Americans living in big cities race through their days with gridlocked traffic, honking horns, cheeky taxi drivers, police sirens and jostling pedestrians racing toward their destinations.
Once finished with work, they race home to spouses, kids and dinner preparations. The working groove consumes them while their responsibilities for daily living press their emotions to the wall. With all the automobiles, appliances and conveniences in America, we often lack peace and quiet in our lives. As we race through our metropolitan arenas, even optimists admit that science will be hard pressed to replace this precious spiritual commodity: solitude.
How can we step back to forgotten pleasure in our lives, hearts and minds? How can we refresh our spirits?
John Stuart Mill writing in 1848 when cities remained smaller, less hurried and enjoyed more community among their residents said, “It is not good for man to be kept at all times in the presence of his species. A world from which solitude is extirpated, is a very poor ideal.
Solitude, in the sense of being often alone, is essential to any depth of meditation or of character; and solitude in the presence of natural beauty and grandeur, is the cradle of thoughts and aspiration which society could do ill without.”
If you feel the same way in your journey, the quest for solitude grows as you add birthday candles. A certain spiritual bliss accompanies your advancing years. Solitude brings divine calm and intellectual clarity. To abridge your life creates more simplicity in your daily rigor. Once mastered, you will enjoy an inner peace and an outer enjoyable countenance.
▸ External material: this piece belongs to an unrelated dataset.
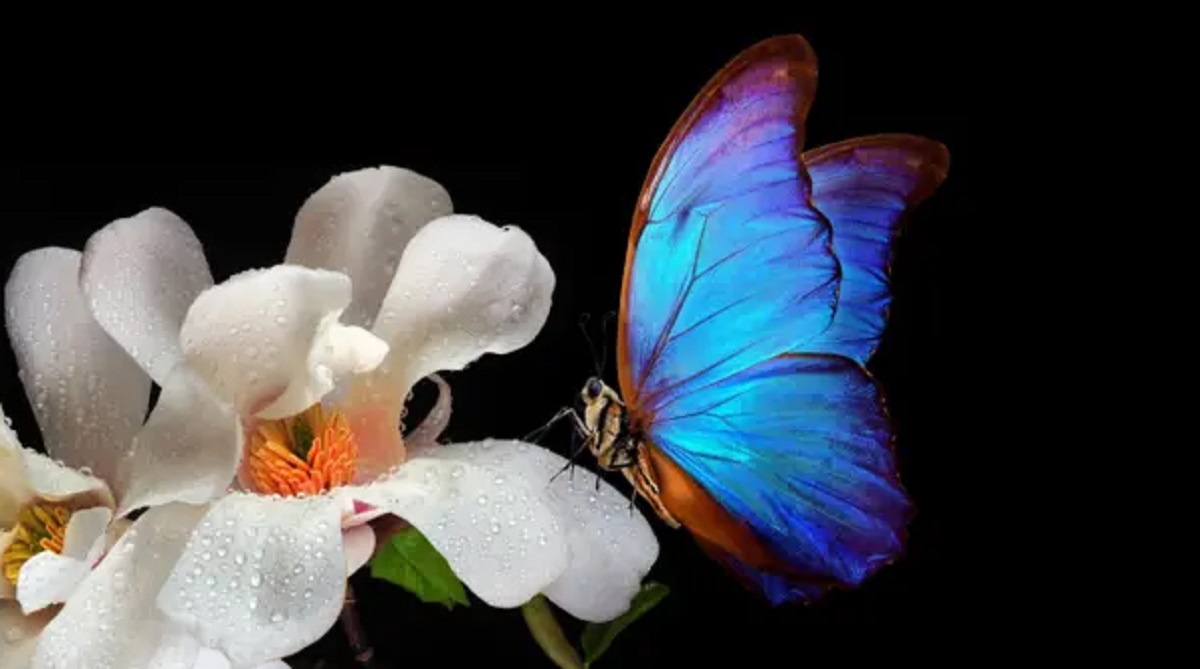 Las astutas técnicas de las flores para atraer a los insectos y que les ayuden a reproducirse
How does anyone move his-her body, mind and soul into solitude?
- Take a daily walk in the nearest park in your city. Sit under a tree. Sit by a pond. Stare into a patch of flowers. Pull up a long stalk of grass and stick it into your mouth. Suck the green insides of the stalk of grass to feel the heartbeat of the universe pulsing over your tongue.
- When you reach a stretch of grass or forest; take off your shoes and socks. Stab your feet into deep grass or sand or rock. Let your body reconnect with the vibrations of the Earth to re-harmonize with our planet. Many call it “grounding” and it works profoundly to refresh your spirit.
- Choose the best time of day for your “solitude” moments. It may be early before work as you sit by a river, stream or on the beach. It could be a stroll along a quiet walk at dusk where the sun’s final glory mesmerizes your spirit.
- While solitude means being alone in the “moment”, you might be one who loves solitude with another who shares your “heart strings” about life. By all means, make your “solitude moments” a couple-thing if that works for you.
- The point of solitude means to be luxuriously immersed in the quiet moments of your own choices. You become fully aware of being alive without being ushered into the scurry of daily living.
In my own hiking times through the woods in acceptance of solitude, I feel the “sweet spot” of temperature playing upon my skin. I feel the essence of light shining through my eyes. I accept my quiet essence pulsing into the energies of life. Once I reconnect with every blood cell charging through my body, I churn with delight.
Therefore, walk into the woods, the park, along the river or by a pond to discover solitude. You will enjoy renewed strength to enjoy your days.